**Task description**
Begin your copy at the line that contains "kalung rante pria titanium silver" and carry it on, exactly, to the last line of the material below.
--- START ---
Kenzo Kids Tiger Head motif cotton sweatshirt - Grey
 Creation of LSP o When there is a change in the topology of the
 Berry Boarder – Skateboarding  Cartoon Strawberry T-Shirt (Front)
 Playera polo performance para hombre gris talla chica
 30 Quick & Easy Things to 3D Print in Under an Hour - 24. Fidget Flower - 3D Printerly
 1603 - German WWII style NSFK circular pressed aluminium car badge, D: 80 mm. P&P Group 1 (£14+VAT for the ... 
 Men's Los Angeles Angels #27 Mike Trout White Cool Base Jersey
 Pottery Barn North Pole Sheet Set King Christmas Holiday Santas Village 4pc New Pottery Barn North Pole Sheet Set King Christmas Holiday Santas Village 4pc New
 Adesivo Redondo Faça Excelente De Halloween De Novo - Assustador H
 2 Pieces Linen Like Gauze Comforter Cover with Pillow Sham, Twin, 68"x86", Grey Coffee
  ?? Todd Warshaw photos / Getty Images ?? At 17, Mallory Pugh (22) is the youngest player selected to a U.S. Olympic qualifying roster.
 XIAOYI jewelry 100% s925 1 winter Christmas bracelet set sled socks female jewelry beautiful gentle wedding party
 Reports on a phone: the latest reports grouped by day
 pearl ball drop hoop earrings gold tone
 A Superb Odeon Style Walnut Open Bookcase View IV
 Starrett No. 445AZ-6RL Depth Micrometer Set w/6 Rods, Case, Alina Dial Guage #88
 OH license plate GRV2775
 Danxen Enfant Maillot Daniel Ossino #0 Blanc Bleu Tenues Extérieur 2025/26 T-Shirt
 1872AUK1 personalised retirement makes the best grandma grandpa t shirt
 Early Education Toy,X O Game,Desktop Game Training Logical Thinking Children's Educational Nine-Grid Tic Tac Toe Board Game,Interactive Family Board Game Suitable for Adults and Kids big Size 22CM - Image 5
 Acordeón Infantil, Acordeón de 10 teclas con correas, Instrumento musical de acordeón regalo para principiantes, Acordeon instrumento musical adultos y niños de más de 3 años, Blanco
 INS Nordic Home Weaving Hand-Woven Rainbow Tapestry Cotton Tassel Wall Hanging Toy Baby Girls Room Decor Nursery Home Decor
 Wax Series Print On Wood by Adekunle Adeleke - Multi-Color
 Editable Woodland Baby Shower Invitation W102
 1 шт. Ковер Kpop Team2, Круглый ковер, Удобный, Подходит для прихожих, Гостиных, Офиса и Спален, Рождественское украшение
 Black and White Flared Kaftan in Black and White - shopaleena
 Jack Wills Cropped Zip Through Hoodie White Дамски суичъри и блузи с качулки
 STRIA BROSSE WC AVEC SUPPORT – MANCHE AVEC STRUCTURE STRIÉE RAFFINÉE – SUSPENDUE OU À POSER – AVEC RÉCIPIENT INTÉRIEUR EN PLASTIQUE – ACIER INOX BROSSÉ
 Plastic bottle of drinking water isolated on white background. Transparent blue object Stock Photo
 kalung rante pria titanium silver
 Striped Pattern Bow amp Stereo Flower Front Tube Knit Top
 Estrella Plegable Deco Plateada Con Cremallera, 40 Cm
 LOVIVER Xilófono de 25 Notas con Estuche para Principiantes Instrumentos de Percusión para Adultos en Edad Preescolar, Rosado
--- END ---
**Exercise result**
 kalung rante pria titanium silver
 Striped Pattern Bow amp Stereo Flower Front Tube Knit Top
 Estrella Plegable Deco Plateada Con Cremallera, 40 Cm
 LOVIVER Xilófono de 25 Notas con Estuche para Principiantes Instrumentos de Percusión para Adultos en Edad Preescolar, Rosado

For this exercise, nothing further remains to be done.